▶ Exercise aim
Please print, exactly, only the lines in the entries below from the line that has "Here, the data" through the line that has "Anyway, I hope". Pictures don't go in.

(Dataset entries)
· · ·
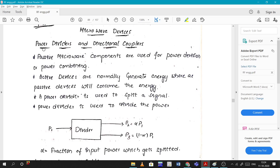Hello and welcome to my channel. Today let's look at microwave devices. In microwave devices, they are classified basically into main devices: power dividers and directional couplers, where passive microwave components are used.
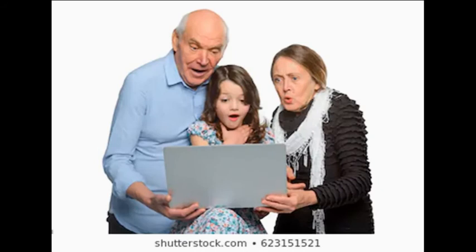My big advice to sixth formers is: don't put anything on the internet — or on your phone — that you'd be embarrassed to show your grandma. For this audience, I'll say: don't put anything on the internet that you'd be embarrassed for your mother-in-law, your kids, or your boss to see. So do protect yourselves and just be careful online.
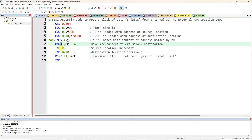Next, to transfer the next data, increment the source location address and the destination location address. Source is in R0 and destination is in DPTR respectively. INC R0 and INC DPTR — so R0 goes from 30h to 31h, and DPTR goes from 2000h to 2001h.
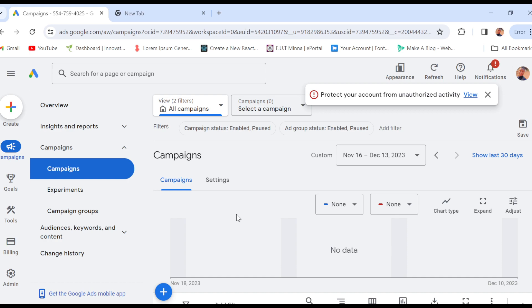It's that simple. Just go ahead, locate the campaign, click on Edit, and you'll be instructed on what to do. I hope this tutorial is helpful to you. Thanks for watching.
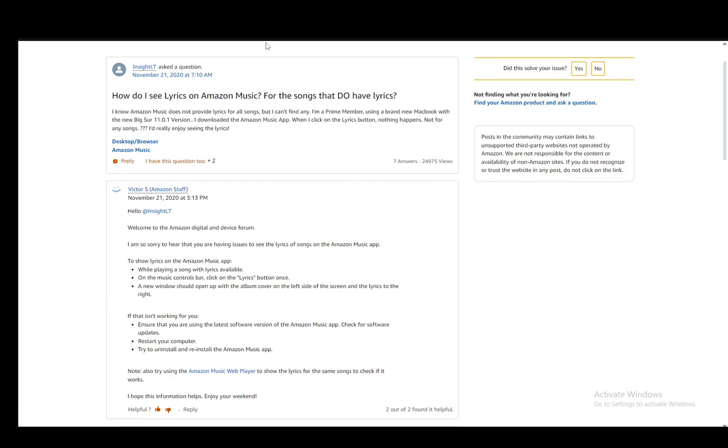They're not automatically generated, so if some song doesn't have lyrics added to it, you will need to wait for them to add the lyrics to the song.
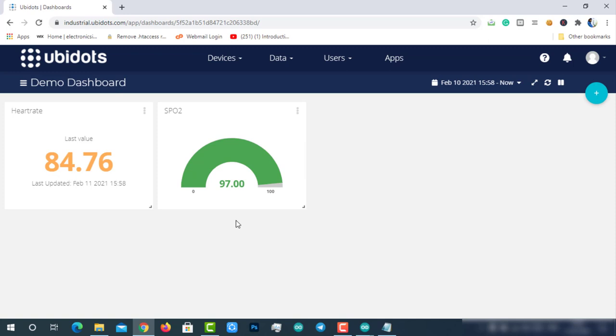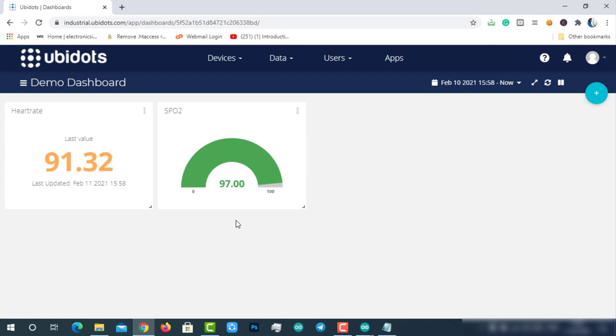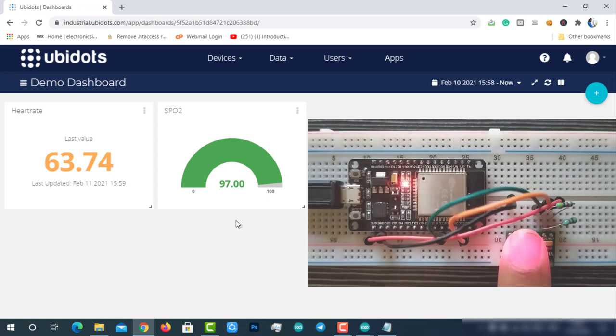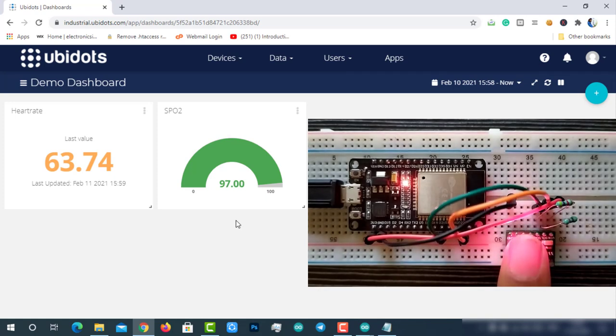Here, the data is being updated seamlessly. To make this SPO2 less than 95%, I'm going to remove the finger from the top of the sensor. So it will send zero reading which will satisfy the event condition. Let's wait for one minute to get the event alerts.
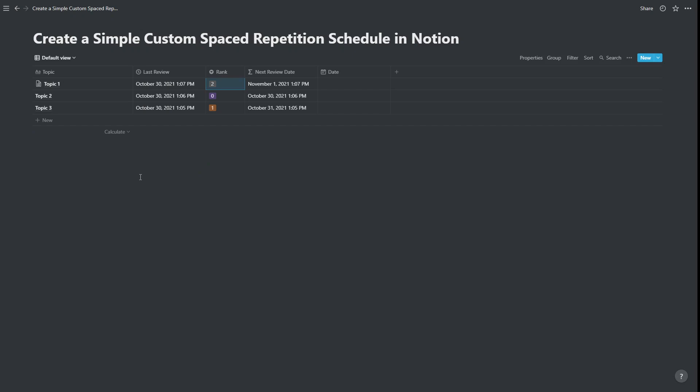Anyway, I hope you found some use in this video for a simple custom spaced repetition schedule. If you've got any comments, feel free to leave them below, and don't forget to like the video.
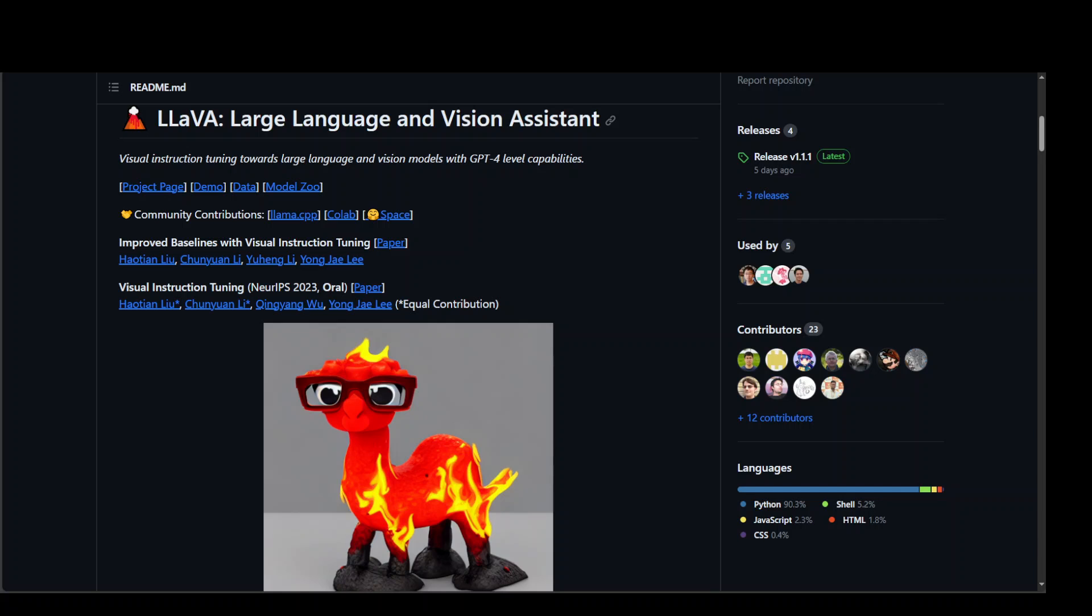In this video, I am going to introduce you to LLaVA, which is Large Language and Vision Assistant. One of the cool things about this new vision assistant is that the quality of its inference is very high as compared to the rest of the competitors in the market at the moment.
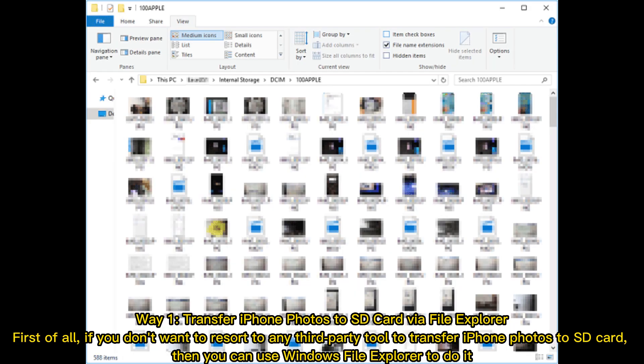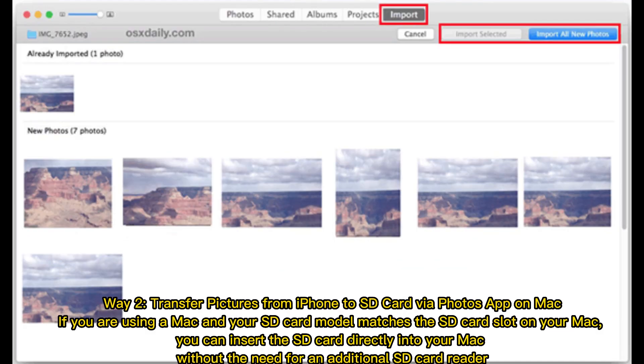Way 1: Transfer iPhone photos to SD card via File Explorer. First of all, if you don't want to resort to any third-party tool to transfer iPhone photos to SD card, then you can use Windows File Explorer to do it.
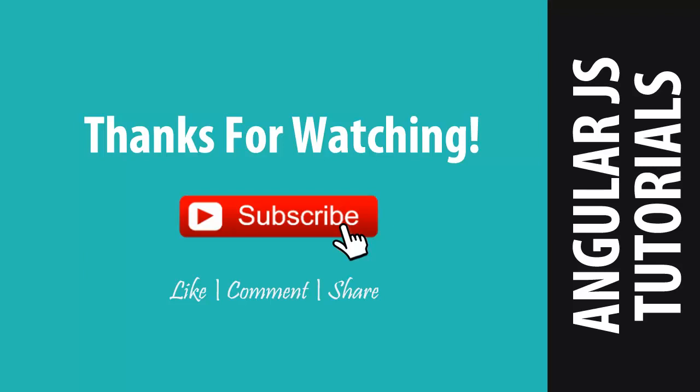I hope you liked my video. If you liked it don't forget to hit the like button and subscribe my channel for such more videos. See you in the next video till then take care. Bye bye.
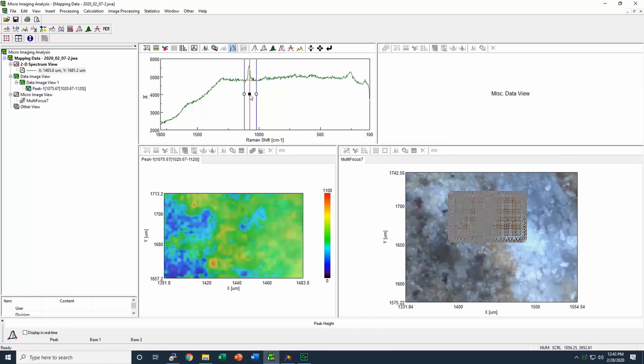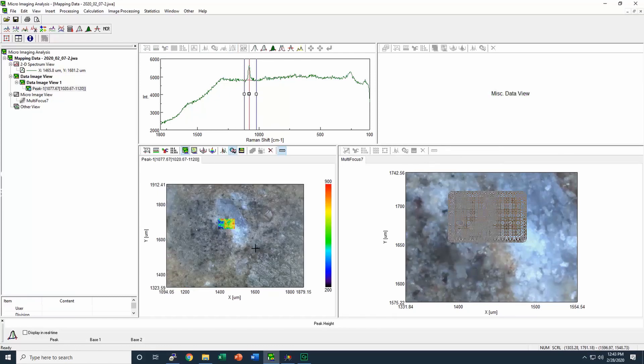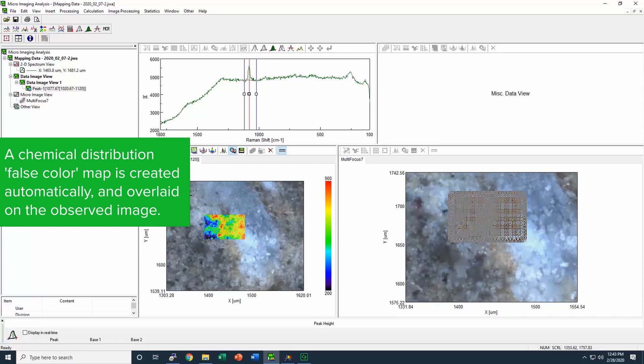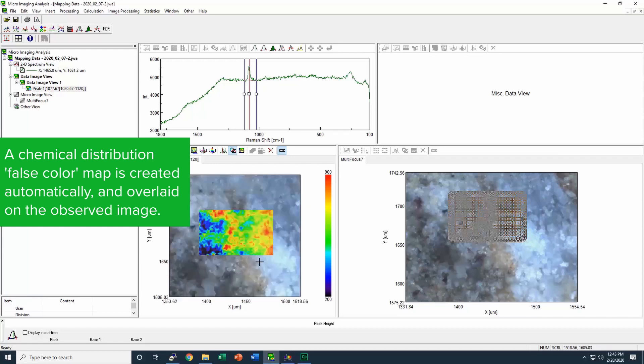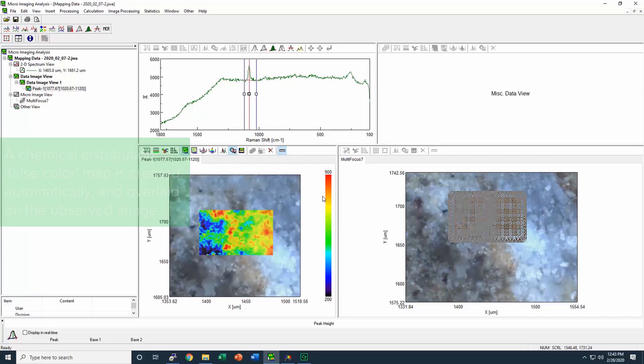Once the false color map has been laid over the top of the all-in-focus image, you can zoom in or out to find the exact location of that material in your sample.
· · ·
▶ Exercise solution
Here, the data is being updated seamlessly. To make this SPO2 less than 95%, I'm going to remove the finger from the top of the sensor. So it will send zero reading which will satisfy the event condition. Let's wait for one minute to get the event alerts.
Anyway, I hope you found some use in this video for a simple custom spaced repetition schedule. If you've got any comments, feel free to leave them below, and don't forget to like the video.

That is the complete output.